Fish out of Water

Published: Jun 19, 2019

The Kinetic Sculpture team prepares the shark before the race. Photo by Marlayna Demond '11.
(The Kinetic Sculpture team prepares the shark before the race. Photo by Marlayna Demond '11.)
The challenges of building a human-powered amphibious sculpture include working with nary a blueprint in sight, avoiding flying sparks from your professor’s power tools, returning to the theatre department’s dumpster again and again seeking out items to upcycle into an ever-changing design, and—oh yeah—not sinking in Baltimore’s Inner Harbor when all is said and done.

By Randianne Leyshon ’09
Race day photos by Poulomi Banerjee ’16, all other images by Marlayna Demond ’11, unless otherwise noted.

A dismembered hammerhead shark takes up most of the office space.

Professor Steven McAlpine proudly holds up the dorsal fin and other grey body parts to demonstrate the ingenuity of his student team, which plans to work with the specimen in piecemeal. “It’s like a pile of sushi in here,” laughs McAlpine.

Previously on display in the National Aquarium and then donated for this project, the “shark” in question has skin made of plastic bags from Lowes, melted together to form the exterior of this beast of recycled materials.

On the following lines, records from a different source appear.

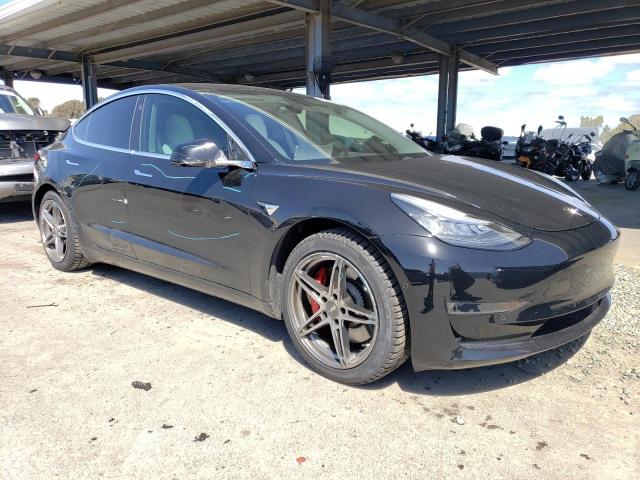 5YJ3E1EB1JF078725 - 2018 TESLA MODEL 3 BLACK photo 4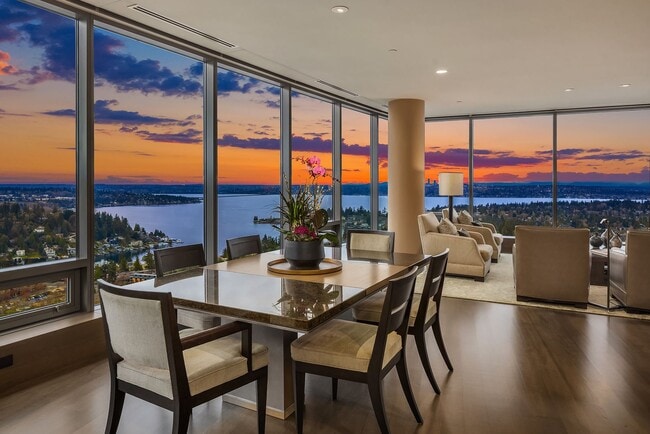Building Photo - 3Bd/2.5Ba One Lincoln Tower Penthouse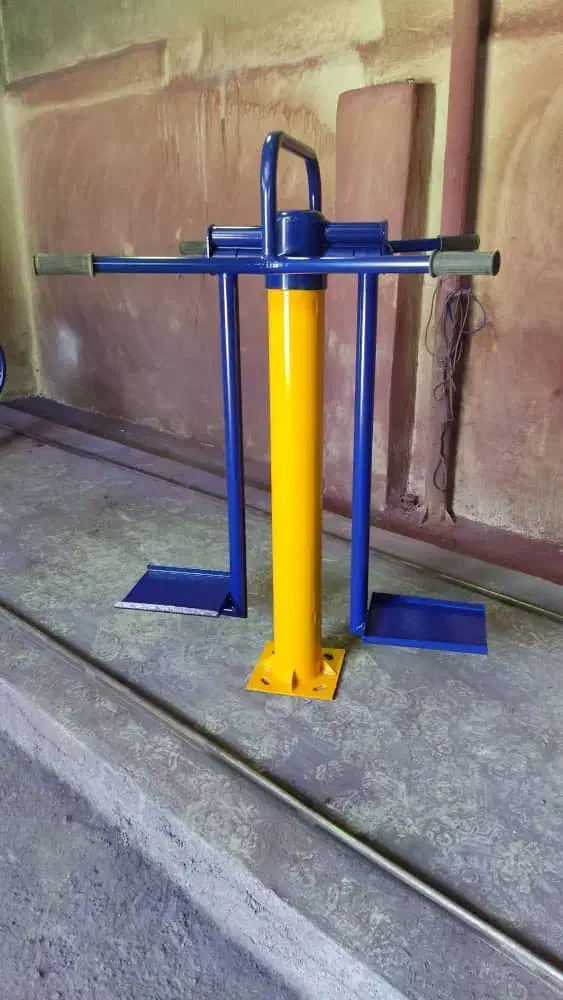 تعداد جوش کار برق و کارگر ساده|استخدام صنعتی، فنی، مهندسی|رباط‌کریم, کیکاور|دیوار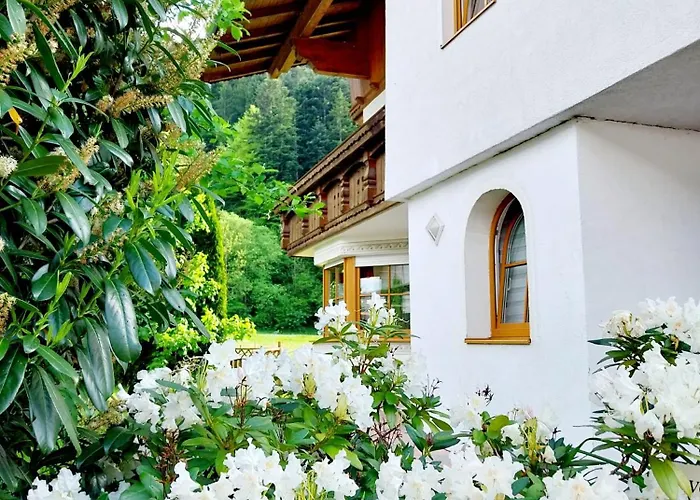 Apartamento Schernhof Hoamatzeit - Tiroler Bauernhof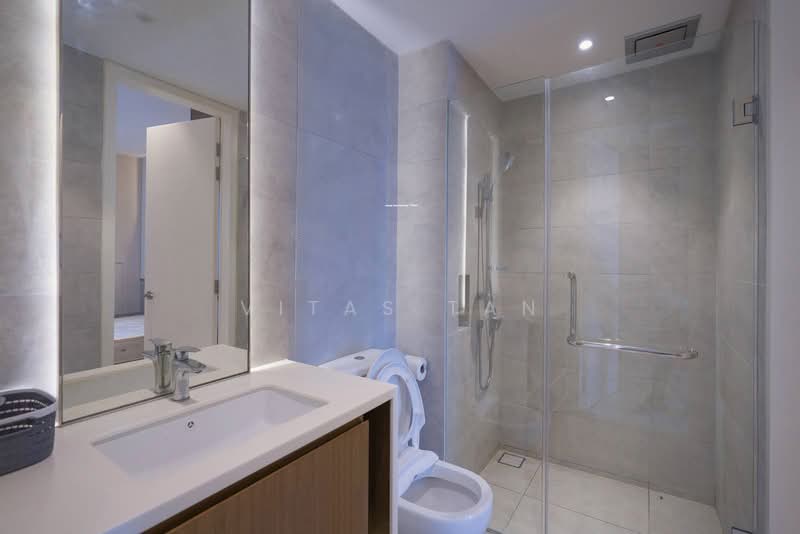 Servis Apartment untuk Disewa di Hill10 Residence @ i-City - Vitas Tan - Bathroom - PropertyGuru.com.my
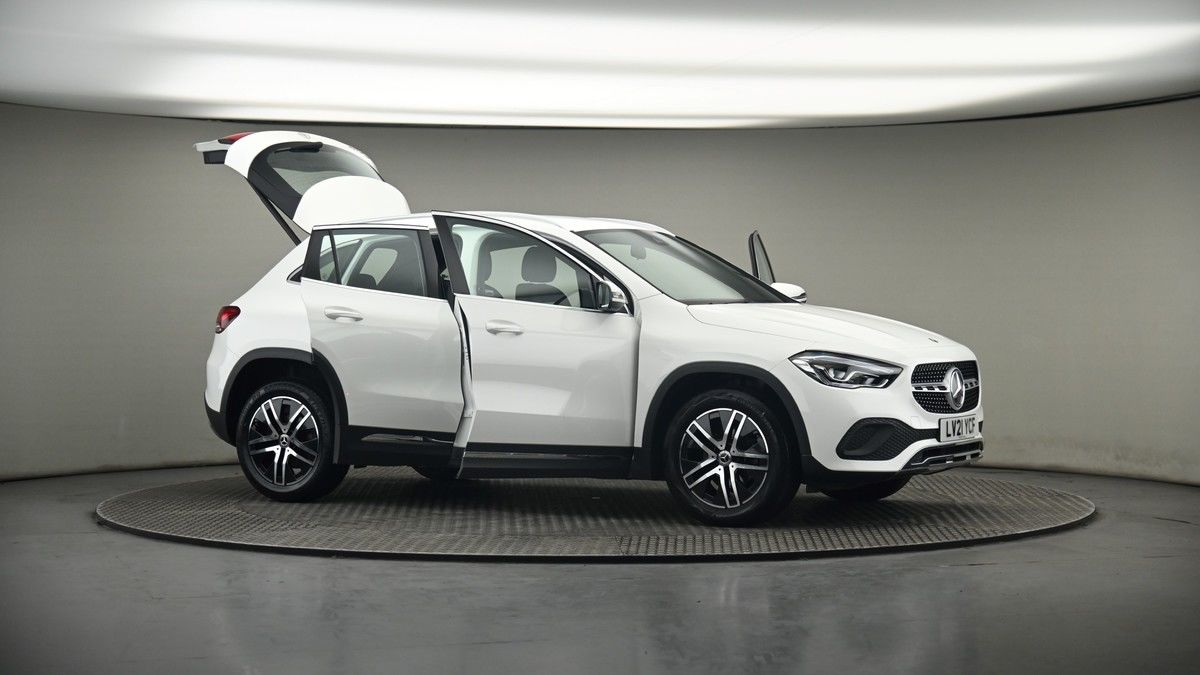 More views of Mercedes-Benz GLA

McAlpine and his students are giving the shark a second life by building it a three-tricycle chassis, complete with pontoons and three pilots to careen 14 miles through the streets of Baltimore—including a stint in the harbor—to compete in Baltimore’s 21st annual Kinetic Sculpture race.

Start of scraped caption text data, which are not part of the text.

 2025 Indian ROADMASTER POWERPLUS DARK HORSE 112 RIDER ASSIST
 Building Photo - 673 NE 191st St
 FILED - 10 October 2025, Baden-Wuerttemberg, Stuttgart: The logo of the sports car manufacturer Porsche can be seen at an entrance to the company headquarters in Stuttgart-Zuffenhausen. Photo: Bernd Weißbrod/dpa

This—in all its fishy, gear-filled glory—is what interdisciplinary learning looks like at UMBC.

Creating jaws from scratch

Working outside under the Fine Arts portico this spring, with a portable speaker blasting “Can’t Touch This,” in homage to the class’s name for their project—MC Hammerhead, the students are engaged in a variety of hands-on tasks: creating a skeleton of two-by-fours to hold up the shark’s wire mesh head and sawing jagged teeth from fiberboard from the theatre’s trash to fill its mouth with double rows.

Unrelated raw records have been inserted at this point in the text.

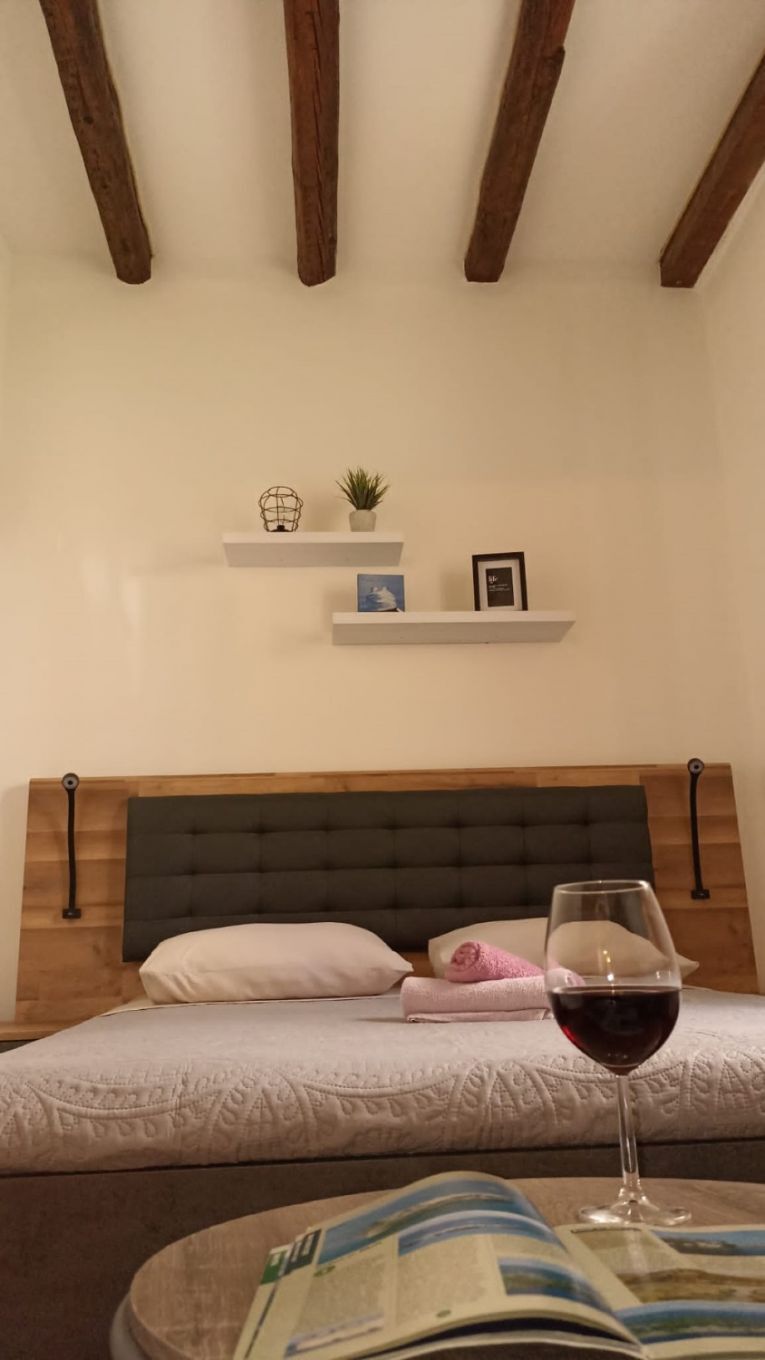 Apartment Ivan 11074-A1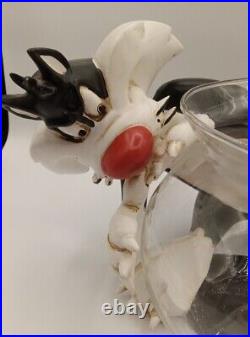 Vintage Warner Brothers looney toons Pet Shop Rare Sylvester fish bowl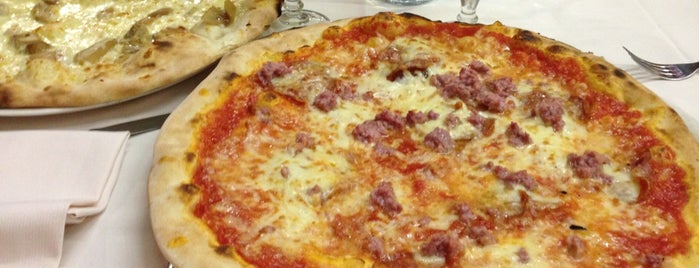 Pizzeria da Totò is one of Ristoranti di Bologna.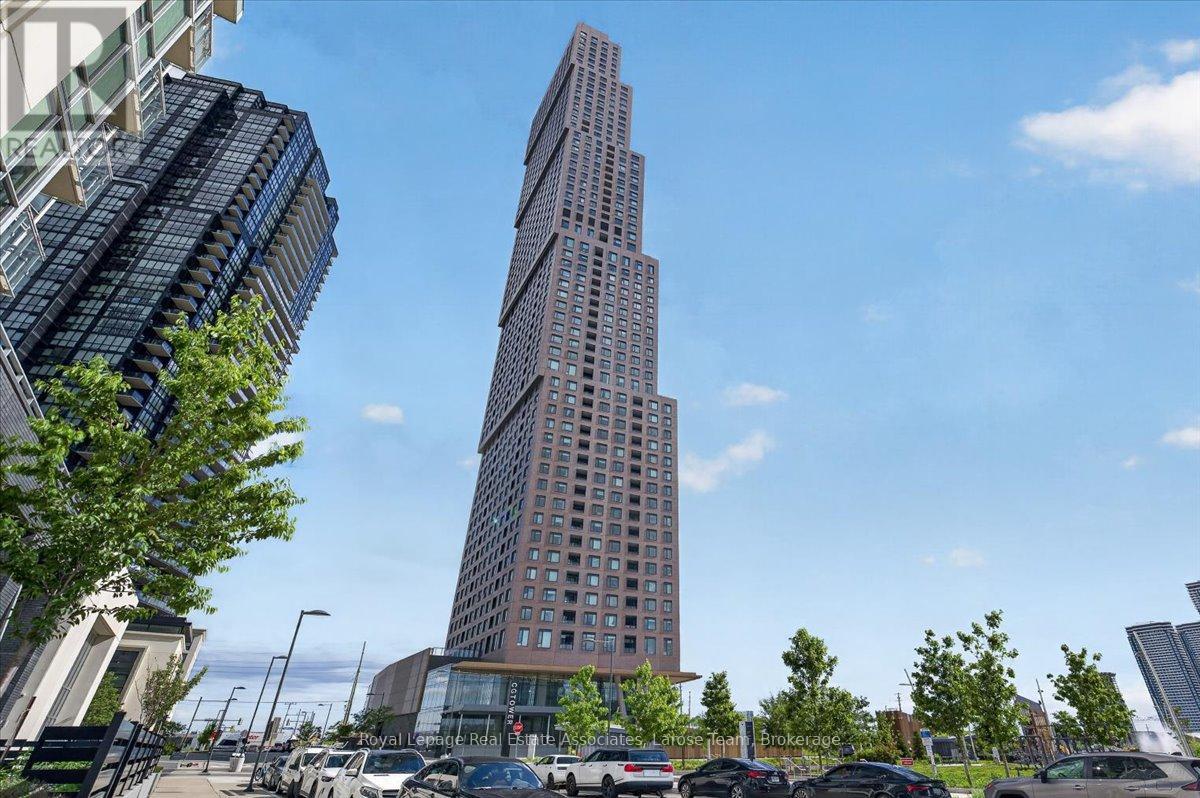 Apartment at 3707 - 2920 HIGHWAY 7 ROAD, Vaughan
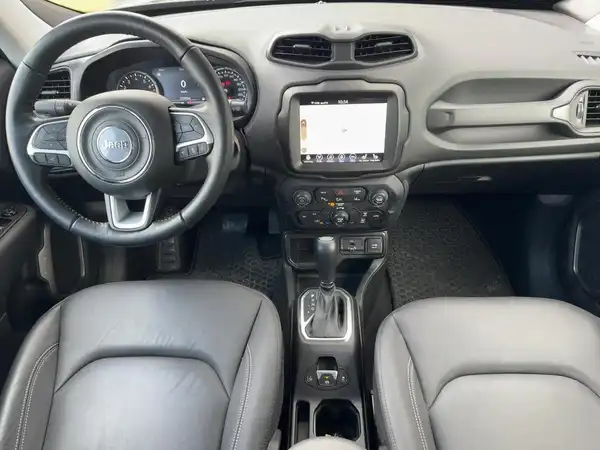 JEEP RENEGADE LIMITED (8/15)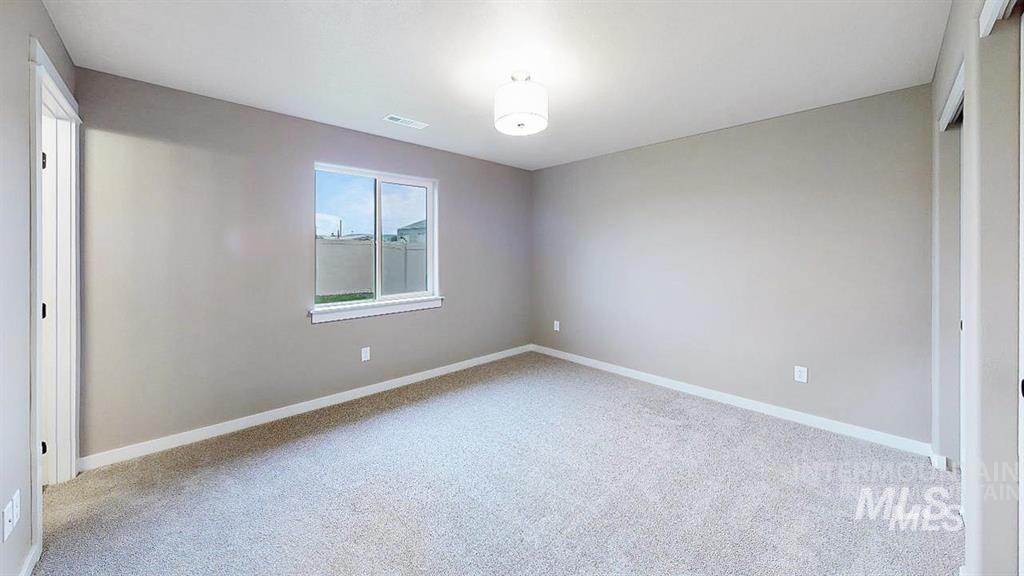 2432 Legacy Ct, Clarkston, Washington 99403, 3 Bedrooms, 2 Bathrooms, Residential For Sale, Price $389,900, 98967503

Two of the three teal trikes sit nearby, connected by a homemade metal apparatus, and with pontoons made of old recycling containers welded on. In December, the team tested out the pontoons’ effectiveness in UMBC’s Pig Pen Pond. As the test pilot (in swimming trunks) prepared to sink or float, Cody Thomas ’19, mechanical engineering, described watching his classmate go down into the water with “hopeful pessimism.”

“I was like, ‘okay, we’ve done the math and we definitely have the right volume in these pontoons’ and then he hit the water. The wheels broke through the ice and then the pontoons sat there and I thought, ‘wow, this is working really, really well.’”

David Thompson breaks through the ice. Photo courtesy of Steven McAlpine.
David Thompson breaks through the ice of Pig Pen Pond. In swim trunks. In December. Photo courtesy of Steven McAlpine.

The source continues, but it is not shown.